A slight increase in iron ore demand from the rest of the world was evident towards the end of the year, and we believe that expectation of the global economy growing by 3.9% and the Chinese economy by 10% for 2010 bodes well for the transportation of dry bulk goods. Furthermore, we believe that in the long run, India will play a significant role in the dry bulk trade with a similar growth profile to that of China, mainly driven by the demand for coal to fuel domestic electricity consumption and steel demand.
Lastly, we mentioned that the slight weakness in the freight rate environment over the past month has been a factor of both the Chinese New Year holidays as well as anticipation of a possible early conclusion of the iron ore price negotiations. That was evident by iron ore imports into China reaching only 46.6 million tons for January as opposed to 62.2 million tons in December.
Lastly, we also note the iron ore inventories at Chinese ports have moved on a relatively tight range over the past three months between 65 million and 70 million tons.
Moving to slide 17, we reiterate China's support to the dry bulk markets over 2009 by outlining the iron ore re-imports into China increased 41% year-over-year for 2009 while, at the same time, Japan's imports decreased by approximately 25%.
Coal, the second most important commodity in dry bulk shipping, has been an increasingly important factor through 2009. While suppressed demand in the world's economy through 2009 can be seen by coal imports into Japan recording a 16% decrease on a year-over-year basis. China's coal imports increased approximately 210% over the same period.

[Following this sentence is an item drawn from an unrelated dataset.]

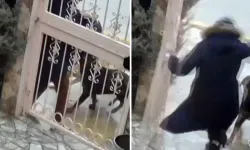 Elmadağ’da Sahipsiz Köpek Saldırısı Kameraya Yansıdı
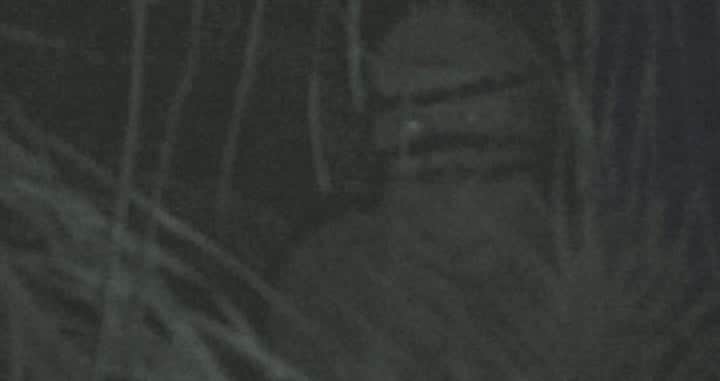 ET Bilu ganhou destaque em alguns programas na TV. (Foto: Reprodução) ET Bilu ganhou destaque em alguns programas na TV. (Foto: Reprodução)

As can be seen in the graph at the bottom left of the page, China has been a net coal importer since the beginning of the year with increasing amounts of the commodity being imported through the second half of the year. While the main factor of the increased imports has been the increase in power consumption and steel production, pressures from the Chinese government to shut down domestic coal mines due to environmental and safety reasons have also contributed.
To illustrate the magnitude of this effect, I note that China was a net importer of 104 million tons of coal in the 12 months of 2009, while an exporter of 4.6 million tons over the same period last year.
While one would expect higher freight rates as a result of the record iron ore and coal imports into China, the effects of the financial crisis in the rest of the world have held back a more substantial increase in freight rates.
As you can see on the bottom right of the slide, apparent fuel usage for 2009 for the world, excluding China's fuel usage, decreased by 24% in 2009. As a reversal of that trend is expected for 2010 with apparent steel production increasing by 13%, the demand for coal and iron ore and any ingredients used for production of steel should increase accordingly.
On slide 18 we present our views for the supply side of the equation. Looking at the graph on the bottom left of the slide, we can see the dry bulk orderbook through 2013. Although the projected dry bulk orderbook still represents 60% of the existing fleet, it is questionable whether that will be delivered in its entirety.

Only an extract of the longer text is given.